● **Task objective**: Return every line from the one with "Premium Scuba Half-Zip" through the one with "Daisy Flower Birthday", inclusive, exactly as it appears below.

● **Given data**:
= = = =

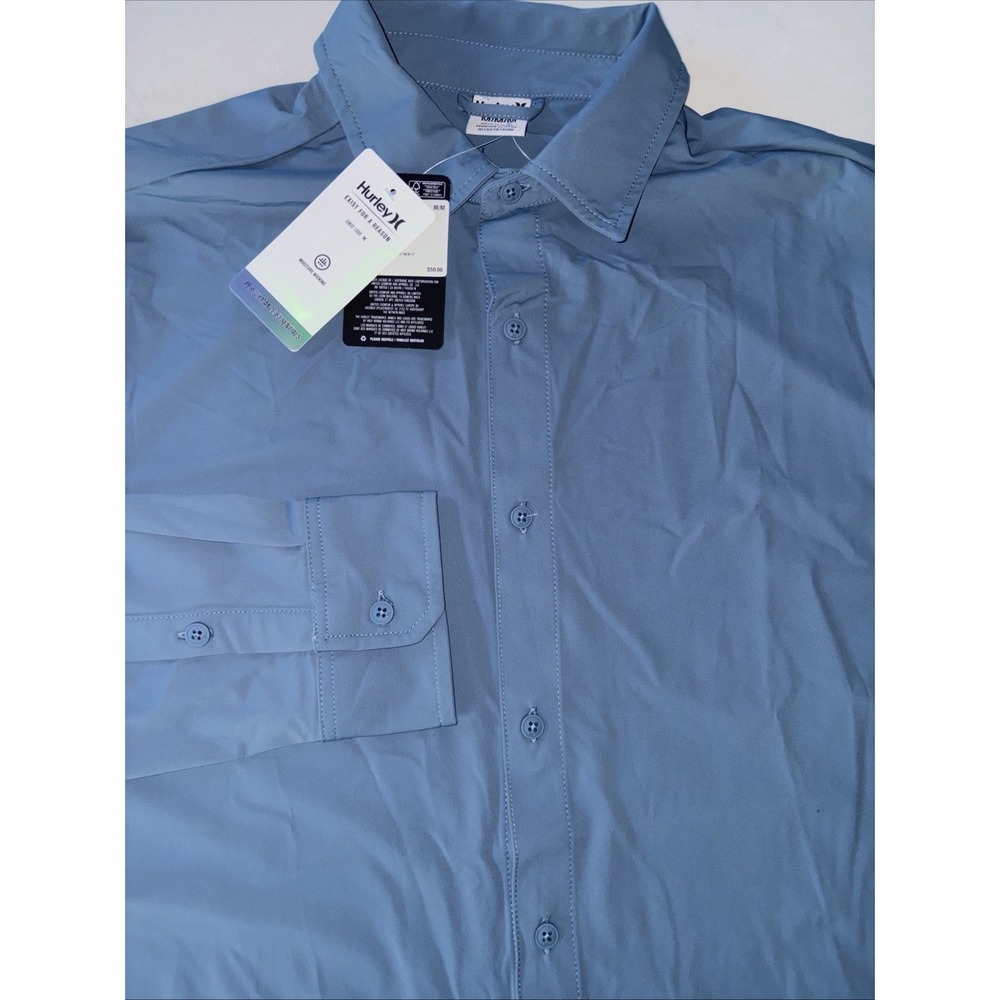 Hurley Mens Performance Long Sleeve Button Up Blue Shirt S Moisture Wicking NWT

= = = =

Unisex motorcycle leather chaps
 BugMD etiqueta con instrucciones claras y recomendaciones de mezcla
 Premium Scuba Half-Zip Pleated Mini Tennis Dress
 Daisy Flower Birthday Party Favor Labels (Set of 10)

= = = =

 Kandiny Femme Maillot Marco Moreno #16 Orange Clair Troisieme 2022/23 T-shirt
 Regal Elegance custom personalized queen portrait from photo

= = = =

● **Output of the task**:
 Premium Scuba Half-Zip Pleated Mini Tennis Dress
 Daisy Flower Birthday Party Favor Labels (Set of 10)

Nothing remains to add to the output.